Top of SUPPLIED DATA

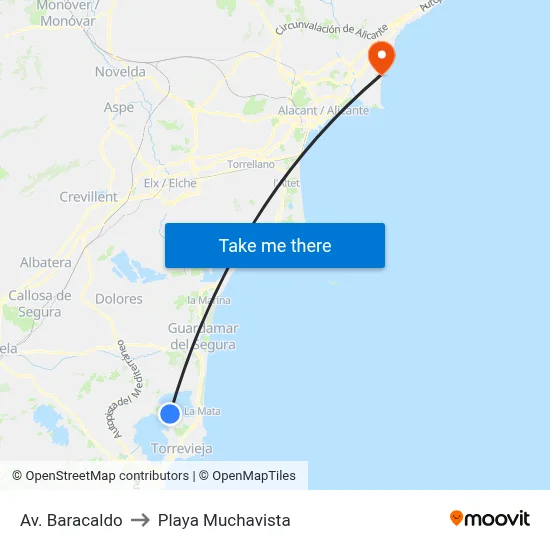 Av. Baracaldo to Playa Muchavista map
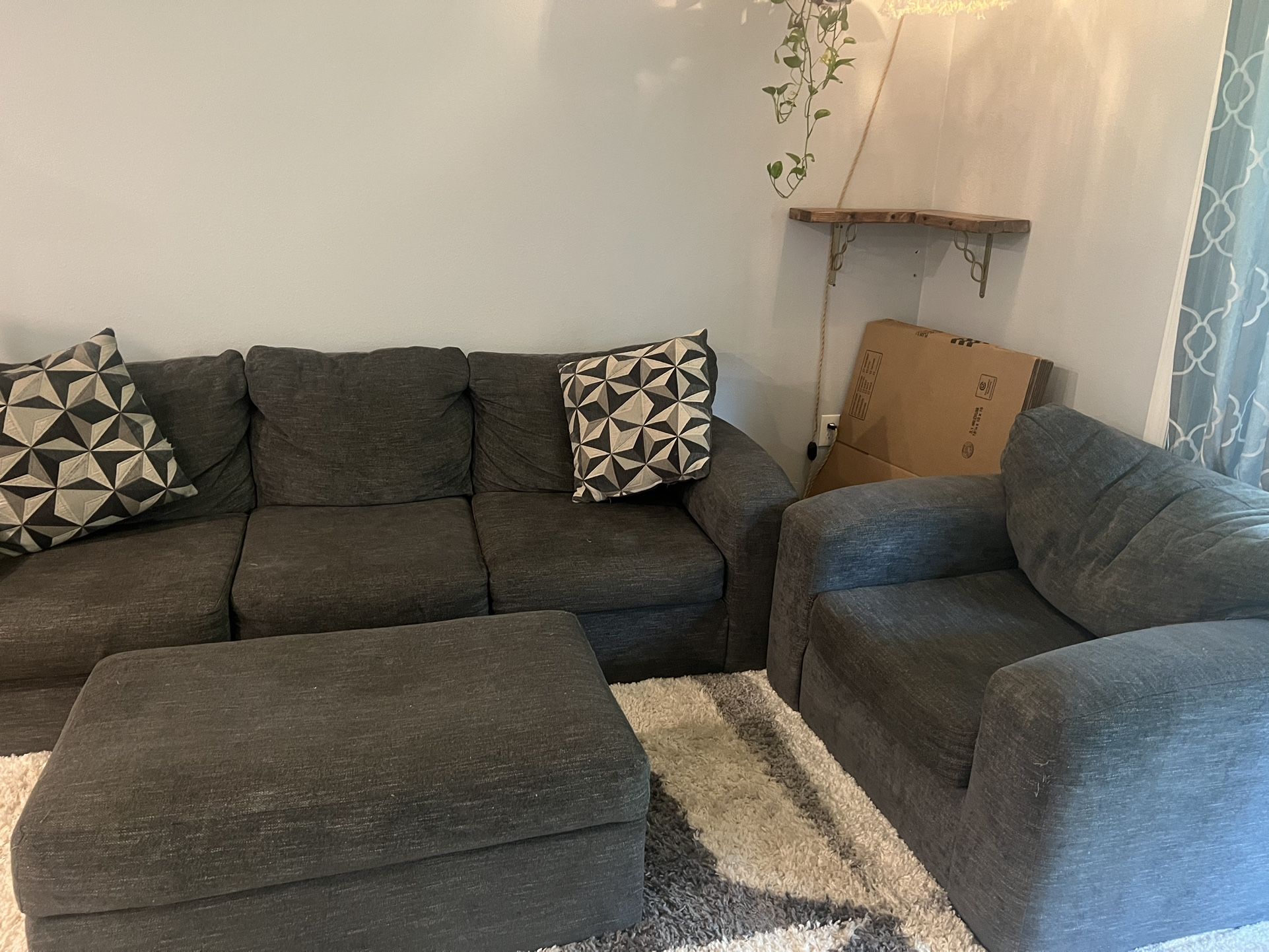 Couch, Chair, Ottoman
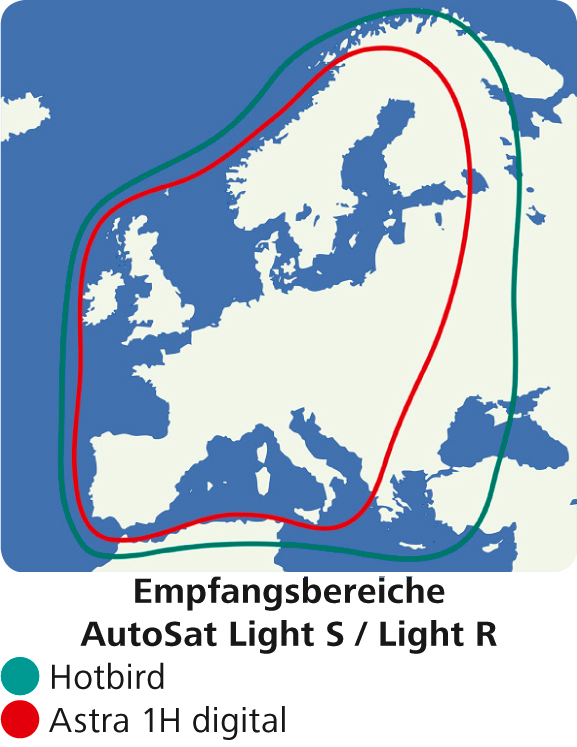 Crystop Sat-Anlage AutoSat Light S Digital  ~ 72 449 Empfangsbereiche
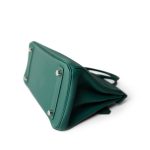 Birkin 25 Malachite Togo Palladium Plated C Stamp - Image 7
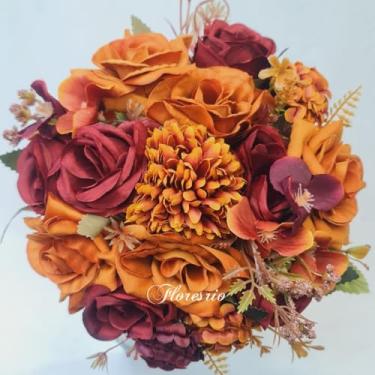 Imagem de Buquê de Noiva Artificial com Flores Coloridas para Casamento Civil ou Religioso(Terracota/Vermelho/Cravo)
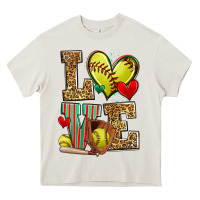 Cream love softball Heavy Core Tee - Zillion Design Studio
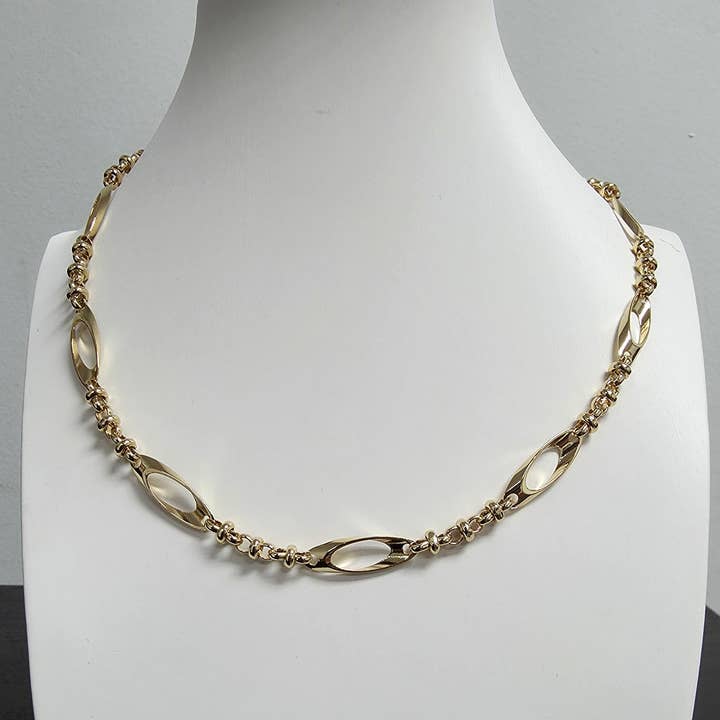Unique Oval Gold Chain Necklace 18.5 inch ✦ NC-SJ0404 for wholesale by Simply Jewels
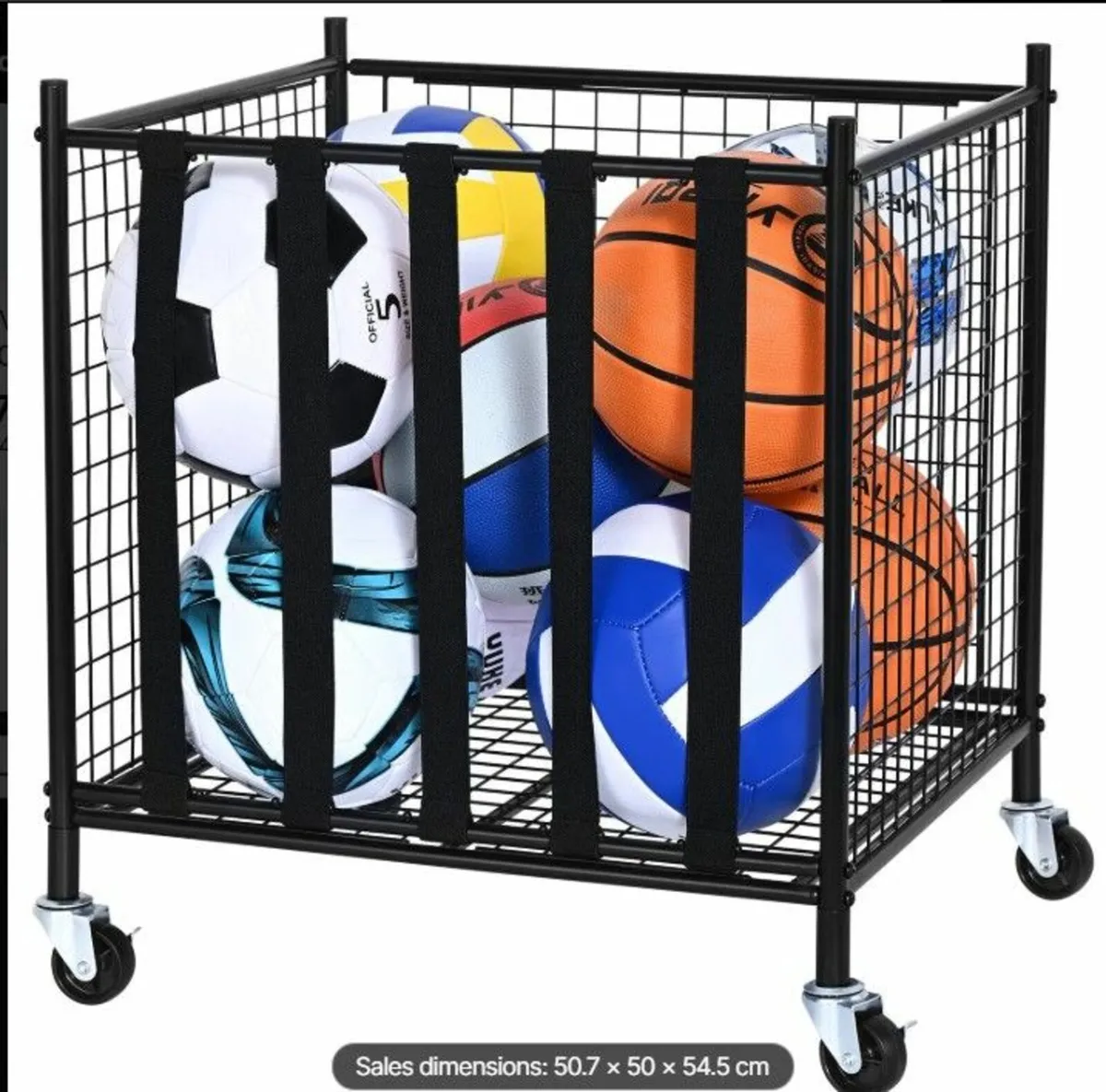 Rolling Sports Ball Storage Cart 50.7 x 50 x 54.5 - Image 1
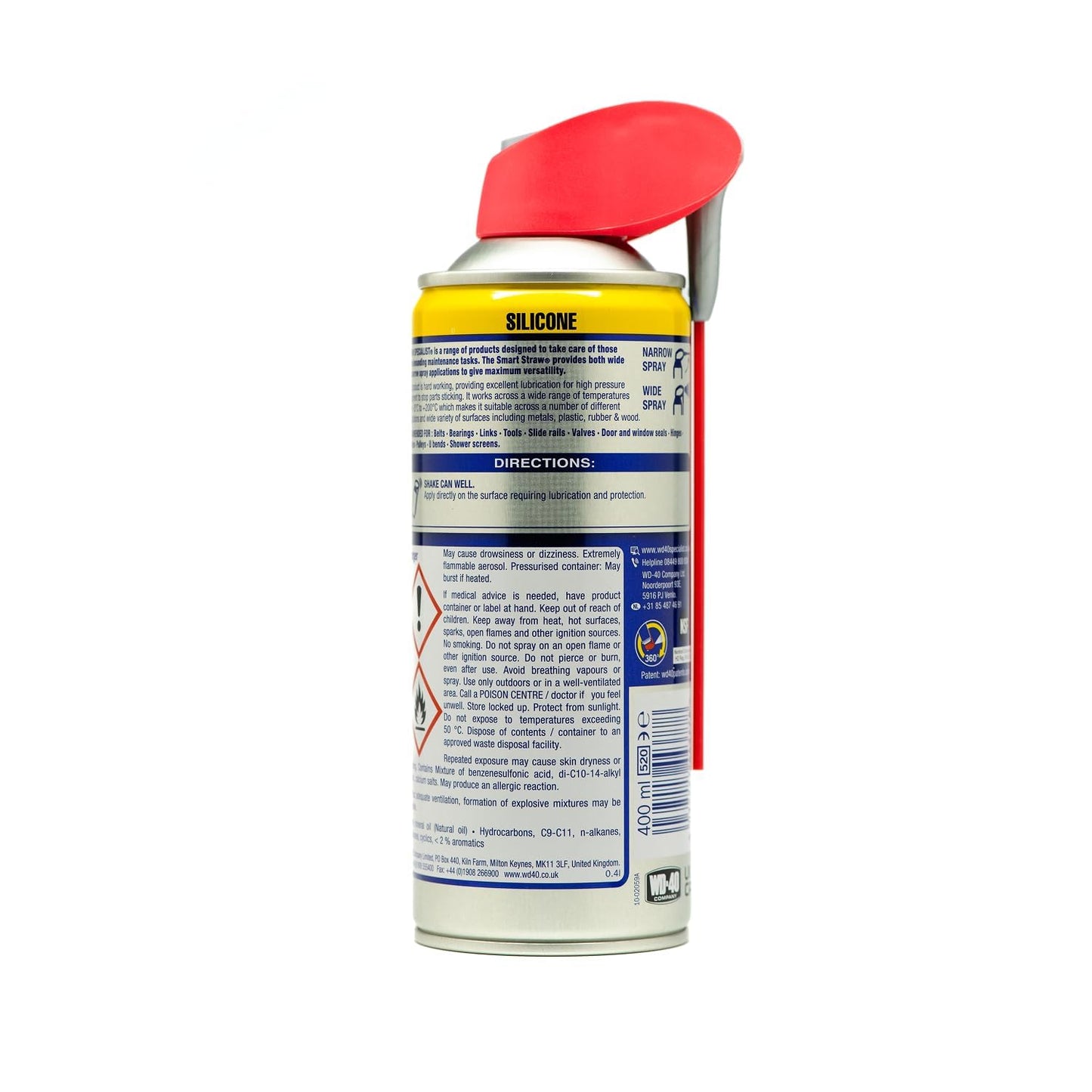 WD-40 Specialist Silicone Spray Lubricant, 400ml with Smart Straw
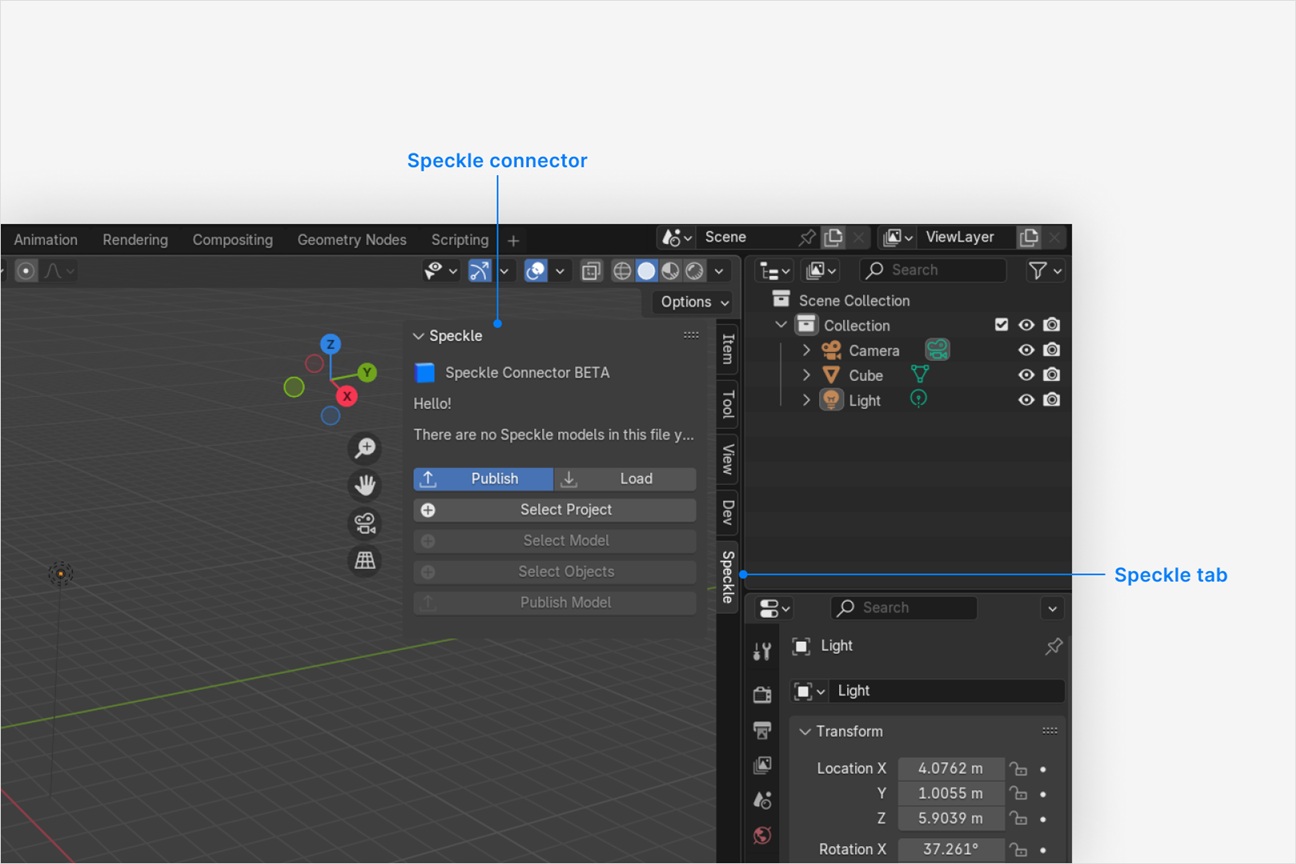 How to use Speckle for Blender - Speckle Docs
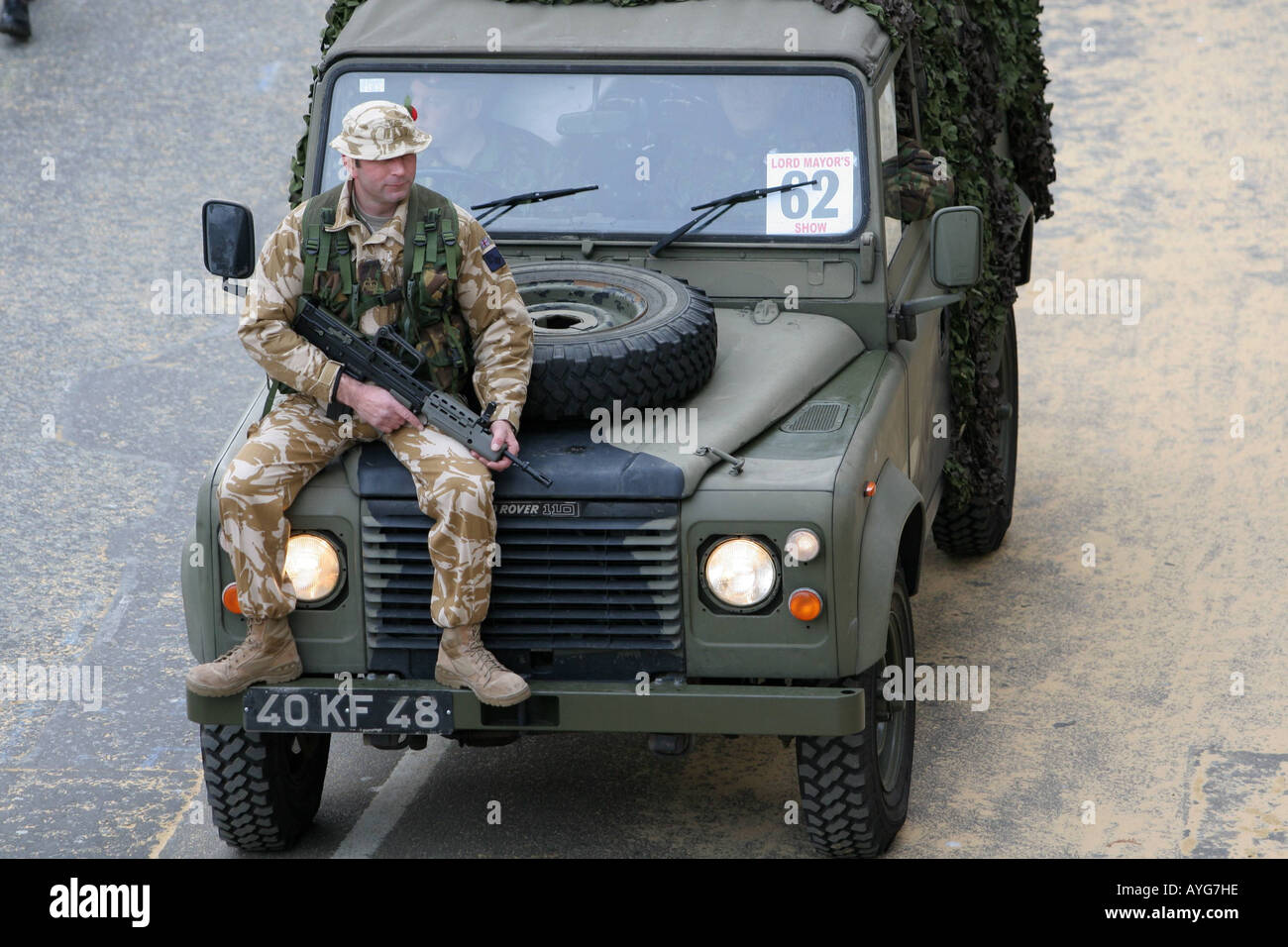 Soldier on an army land rover during the  Lord Mayor’s Parade Stock Photo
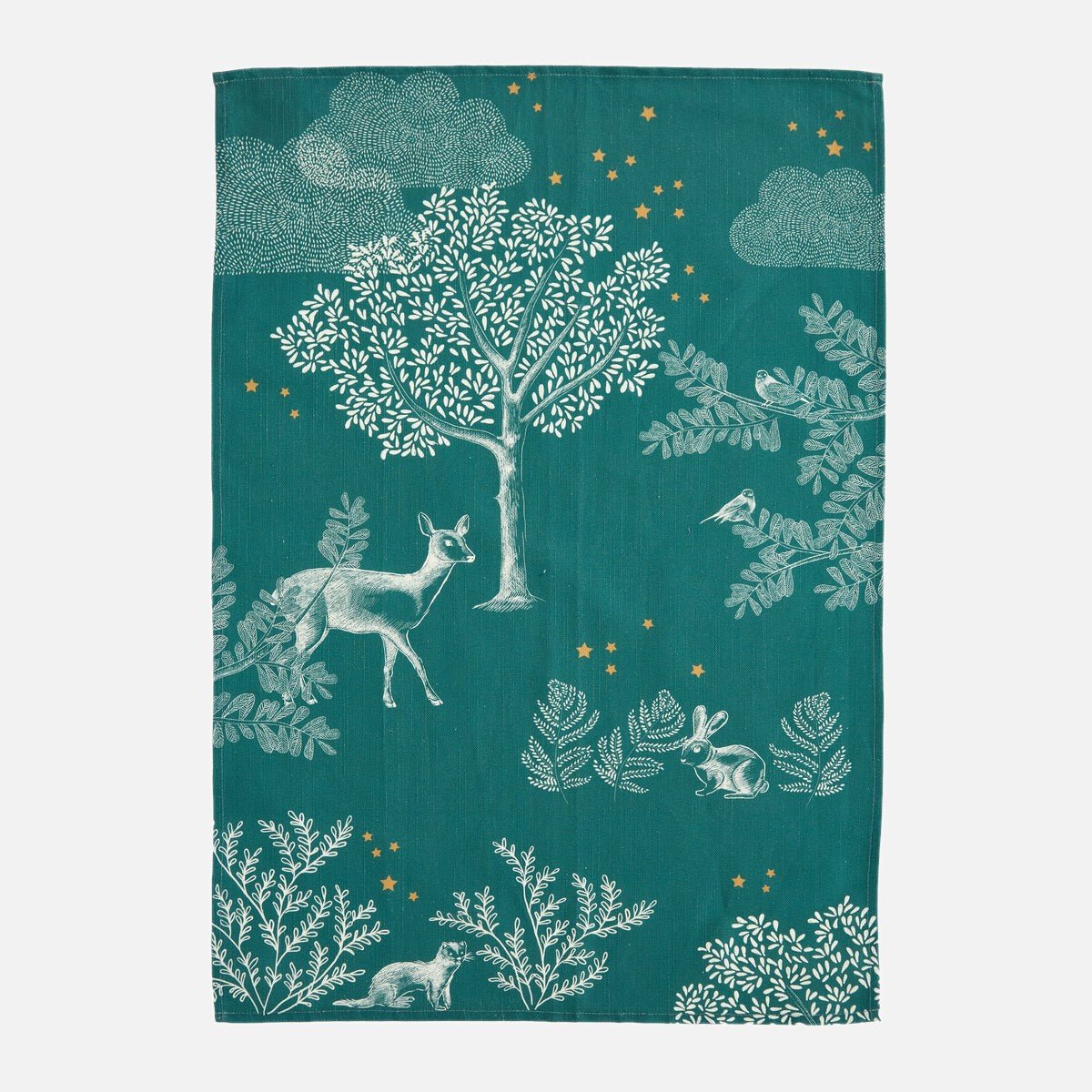 Torchon imprimé coton et lin FORÊT ENCHANTÉE vert, COUCKE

Bottom of SUPPLIED DATA

## [REQUIRED ACTION]
Repeat exactly the lines from the one containing "Couch, Chair, Ottoman" through the last line of the records above, both included, and leave out the pictures.

## [RESPONSE FOR THIS EXERCISE]
 Couch, Chair, Ottoman
 Crystop Sat-Anlage AutoSat Light S Digital  ~ 72 449 Empfangsbereiche
 Birkin 25 Malachite Togo Palladium Plated C Stamp - Image 7
 Imagem de Buquê de Noiva Artificial com Flores Coloridas para Casamento Civil ou Religioso(Terracota/Vermelho/Cravo)
 Cream love softball Heavy Core Tee - Zillion Design Studio
Unique Oval Gold Chain Necklace 18.5 inch ✦ NC-SJ0404 for wholesale by Simply Jewels
 Rolling Sports Ball Storage Cart 50.7 x 50 x 54.5 - Image 1
 WD-40 Specialist Silicone Spray Lubricant, 400ml with Smart Straw
 How to use Speckle for Blender - Speckle Docs
 Soldier on an army land rover during the  Lord Mayor’s Parade Stock Photo
 Torchon imprimé coton et lin FORÊT ENCHANTÉE vert, COUCKE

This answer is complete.